Your instructions — Copy verbatim the block of lines in the entries below whose first line contains "Used Vauxhall Astra" and whose last line contains "Wedding Cake Mini". Leave out all other lines.

Dataset records —

--

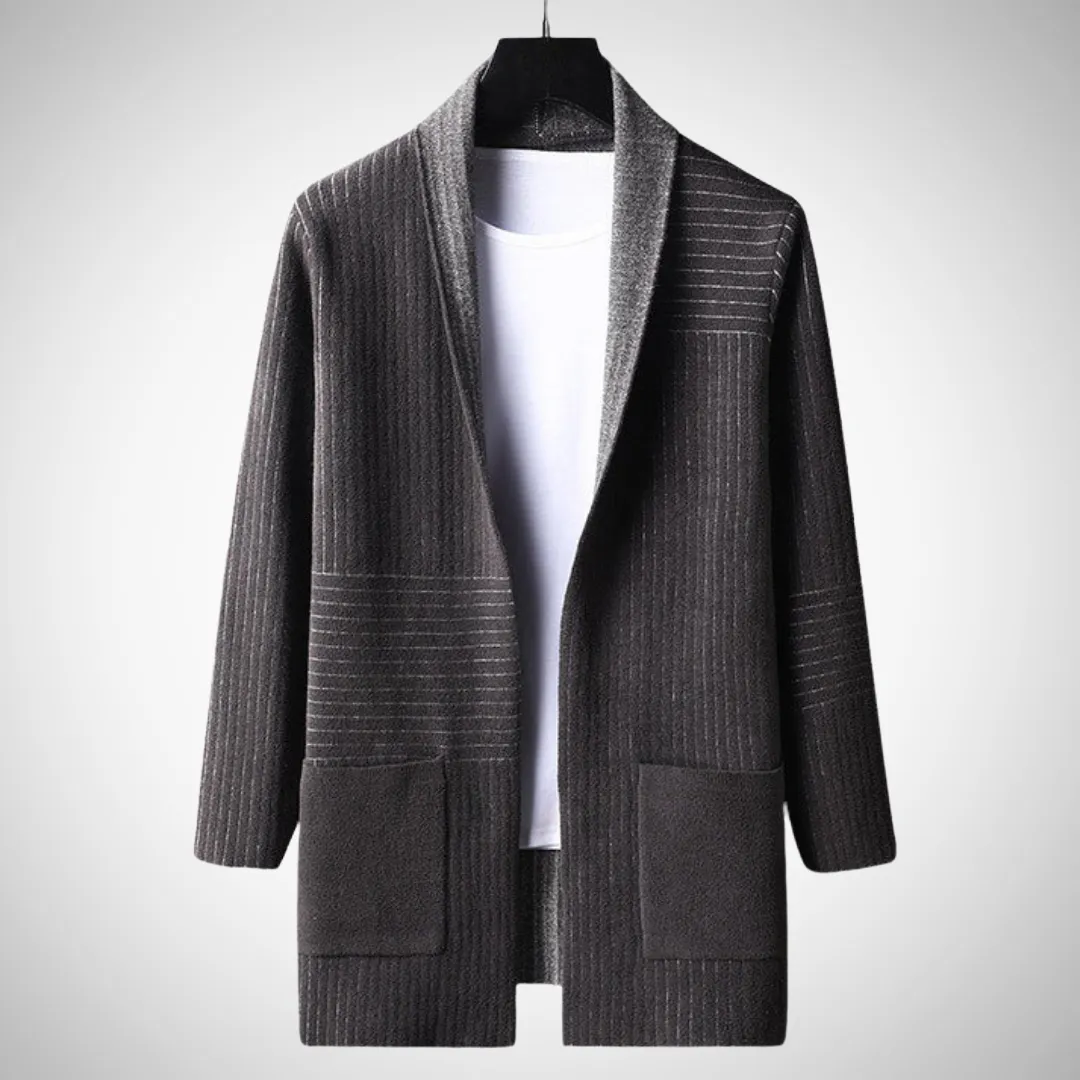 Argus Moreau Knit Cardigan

--

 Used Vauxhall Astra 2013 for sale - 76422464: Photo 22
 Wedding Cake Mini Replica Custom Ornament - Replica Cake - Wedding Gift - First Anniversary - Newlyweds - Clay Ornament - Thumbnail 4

--

Exercise response —
 Used Vauxhall Astra 2013 for sale - 76422464: Photo 22
 Wedding Cake Mini Replica Custom Ornament - Replica Cake - Wedding Gift - First Anniversary - Newlyweds - Clay Ornament - Thumbnail 4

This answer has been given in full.